Oats feature heavily in Scottish cooking and being a big fan of oats I jumped at the chance to try this dish of oat crusted seafood in the little seaside village of Cromarty. The oats were finely ground and seasoned and provided the perfect nutty tasting crust to the super fresh local seafood - scallops, octopus, mussels and salmon. Again, quite a simple dish but so tasty and delicious. I will be stealing the oat crust idea for a dish of my own very soon - it is a great super tasty alternative to breadcrumbs and makes the crust super crispy. Yum!




Back to The Priory for afternoon tea and a selection of Scottish shortbread, scones, caramels and my favourite - meringues! These meringues were to die for - sandwiched between a layer of freshly whipped cream, they were all I wanted with my pot of tea. The other selections didn't stand a chance, so I can't tell you what they were like!! Those meringues took me to my happy place.



I love a terrine and this game terrine really hit the spot. Made with venison and rabbit, served with hot toast and a housemade beetroot relish, this was perfect washed down with a pint of ale at the Plockton Pub. Does anyone remember the wonderful series "Hamish Macbeth" ? Well it was filmed in the picturesque village of Plockton, which can now add a pretty fabulous terrine to its attractions.



Still at the Plockton Pub - it was cold and windy outside, but this salmon and haddock pie warmed the cockles of my heart. Served with a creamy mustard and herb sauce and a breadcrumb crust, it was comfort food personified. The fish was a mixture of fresh fillets and a touch of smoked haddock, which really took the flavour to another level. It was rich and tasty and the fish was cooked just right.


A change of location now - off to the cobbled streets of Edinburgh for their version of a seafood platter. More like what I would call a chowder - Salmon, mussels, scallops and prawns served with a dash of cream, horseradish and crusty bread. It was big on flavour and once again the seafood was superb - clean, fresh tasting and perfectly cooked.

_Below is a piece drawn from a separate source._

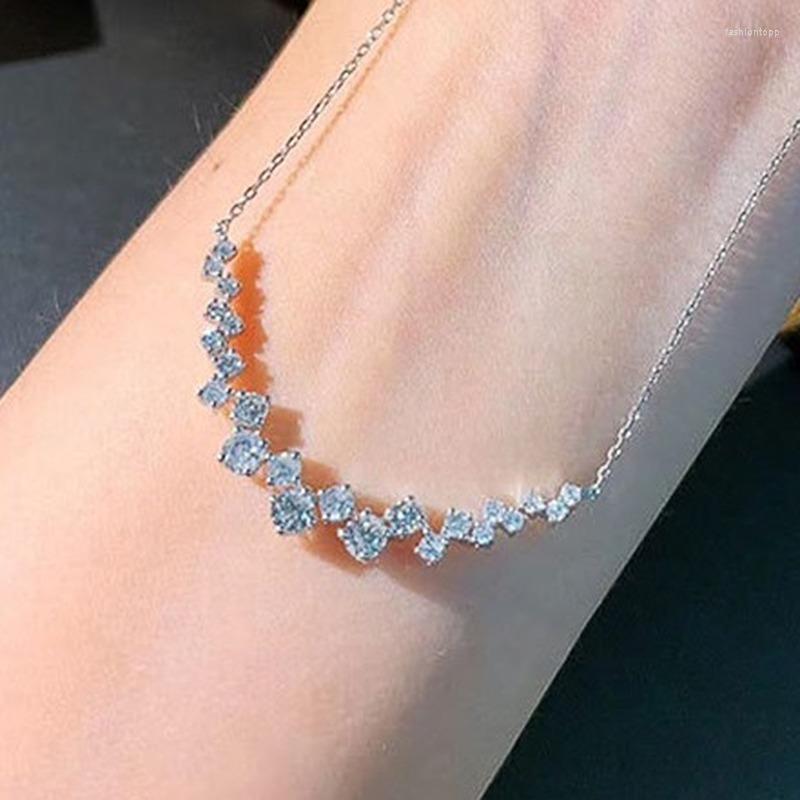 Pendant Necklaces CAOSHI Gorgeous Dazzling Round Cut Cubic Zirconia Necklace For Women Exquisite Daily Collocation Neck Jewelry Wholesale 
Pendant Necklaces CAOSHI Gorgeous Dazzling Round Cut Cubic Zirconia Necklace For Women Exquisite Daily Collocation Neck Jewelry Wholesale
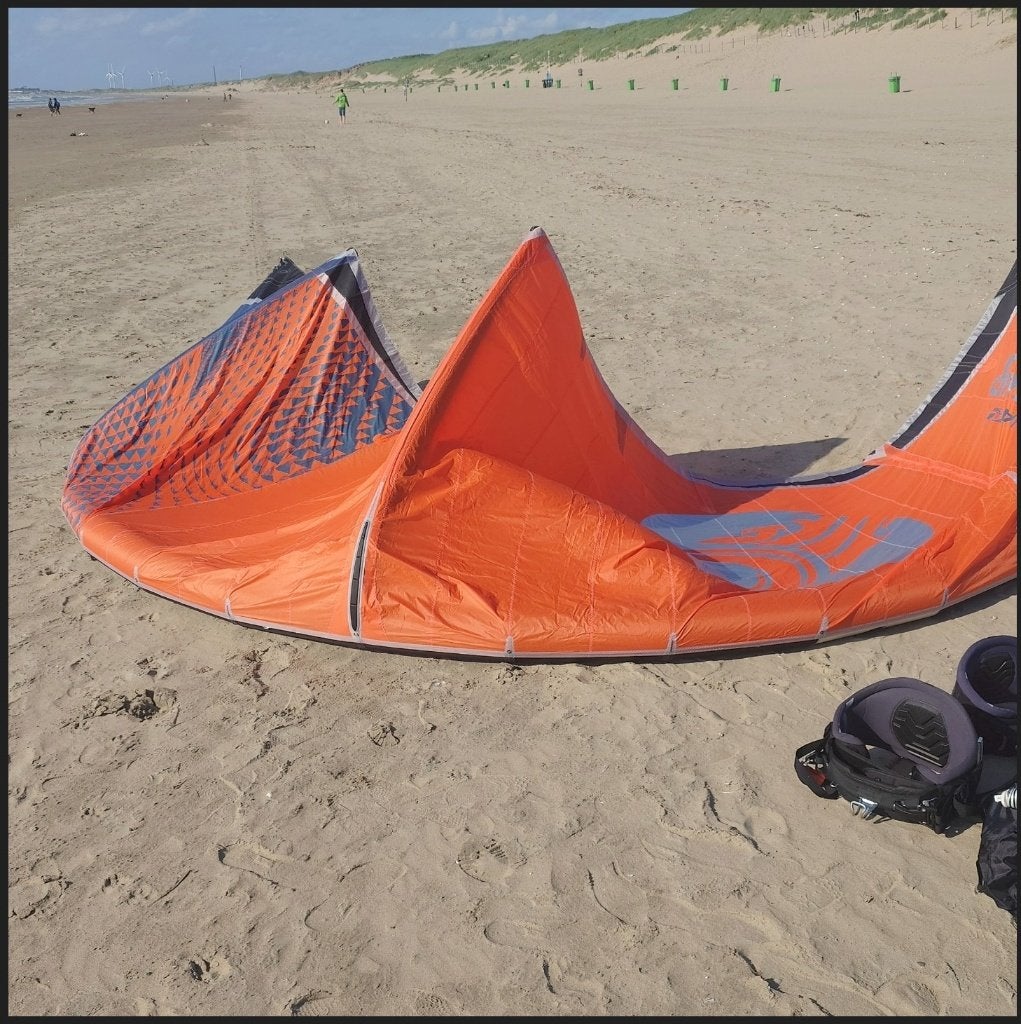 Kite Surf Set 13m2 board harnas kite bar, Watersport en Boten, Kitesurfen, Ophalen, Kitesurf-set, Twintip, 13 m²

My love affair with game was indulged in this superb venison pate, flavoured with juniper berries and served with oatcakes, spiced red cabbage and fresh redcurrants. This dish came from a little cafe/restaurant in the village of Cromarty (where you will recall I also enjoyed the fantastic oat crusted seafood) This pate was rich and velvety, with the herbal aromatics of the juniper complimenting the venison beautifully. Teamed with the tart burst of the fresh redcurrants and the nuttiness and texture of the oats, it really was a taste sensation.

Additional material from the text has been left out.